- _Task objective_
Nothing in the copy should be a picture; everything else in the listing is to be restated exactly.

- _Provided material_
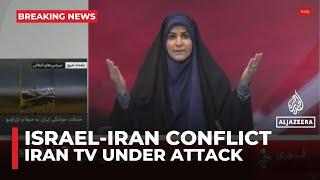 Iranian state TV attacked while on air in latest wave of Israeli strikes on Tehran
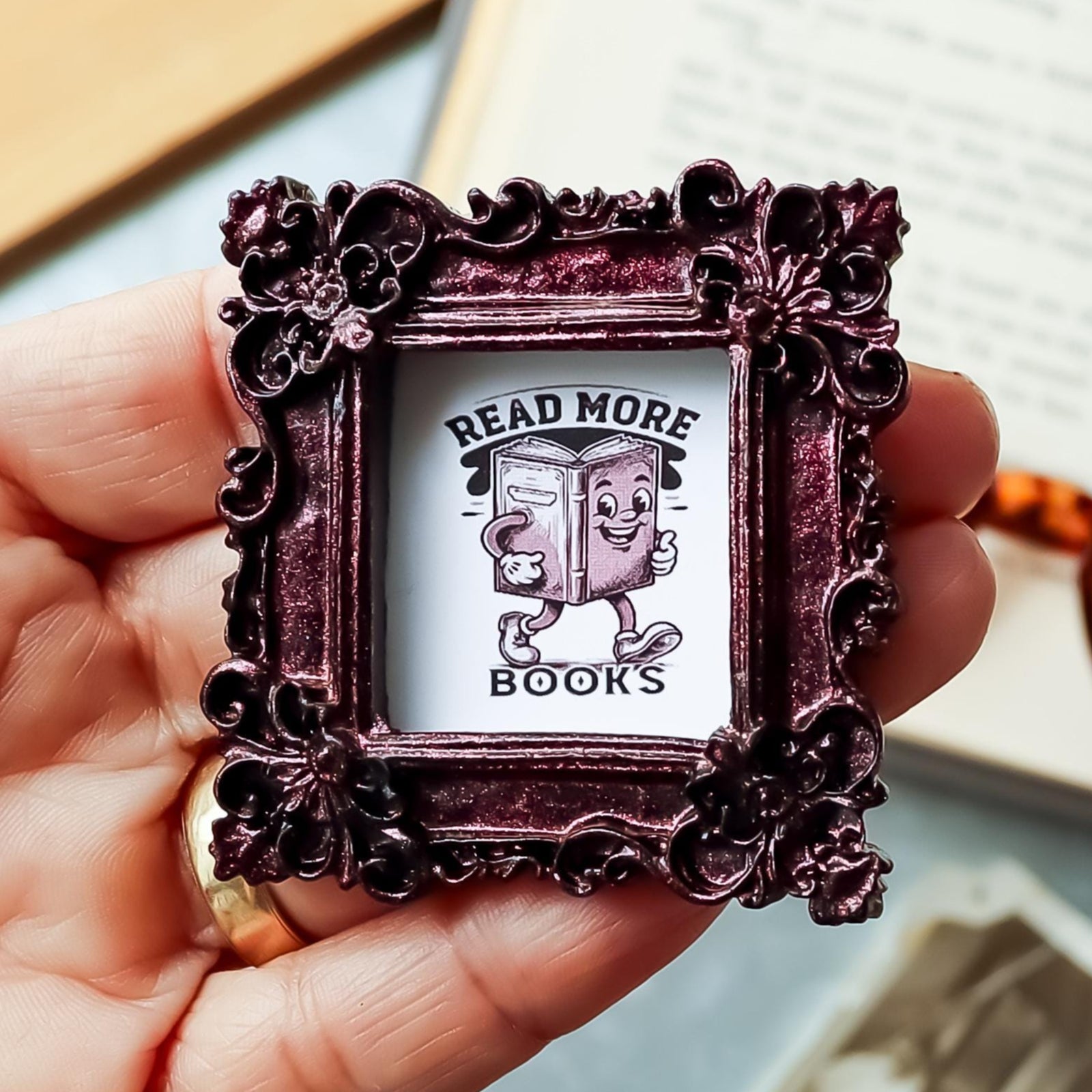 Hand holding &quot;Read More Books&quot; retro style refrigerator magnet. This is a small framed refrigerator magnet, featuring the phrase &quot;Read More Books&quot;, made by SunshineandRavioli. The resin frame is ornate vintage style in a metallic burgundy finish. A retro style illustration features a whimsical walking book giving a &quot;thumbs up&quot;.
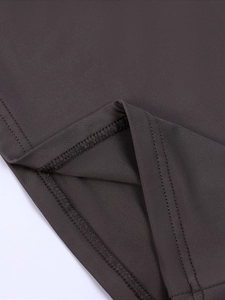 Detail shot of double-needle stitching and texture on a dark taupe milk silk top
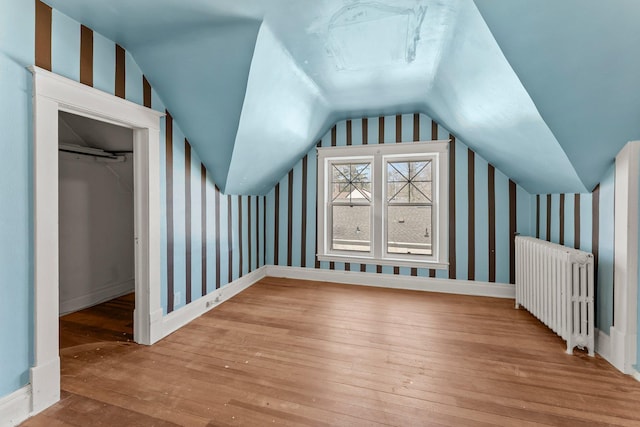 bonus room featuring wallpapered walls, radiator heating unit, lofted ceiling, baseboards, and hardwood / wood-style flooring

- _Answer area_
 Iranian state TV attacked while on air in latest wave of Israeli strikes on Tehran
 Hand holding &quot;Read More Books&quot; retro style refrigerator magnet. This is a small framed refrigerator magnet, featuring the phrase &quot;Read More Books&quot;, made by SunshineandRavioli. The resin frame is ornate vintage style in a metallic burgundy finish. A retro style illustration features a whimsical walking book giving a &quot;thumbs up&quot;.
 Detail shot of double-needle stitching and texture on a dark taupe milk silk top
 bonus room featuring wallpapered walls, radiator heating unit, lofted ceiling, baseboards, and hardwood / wood-style flooring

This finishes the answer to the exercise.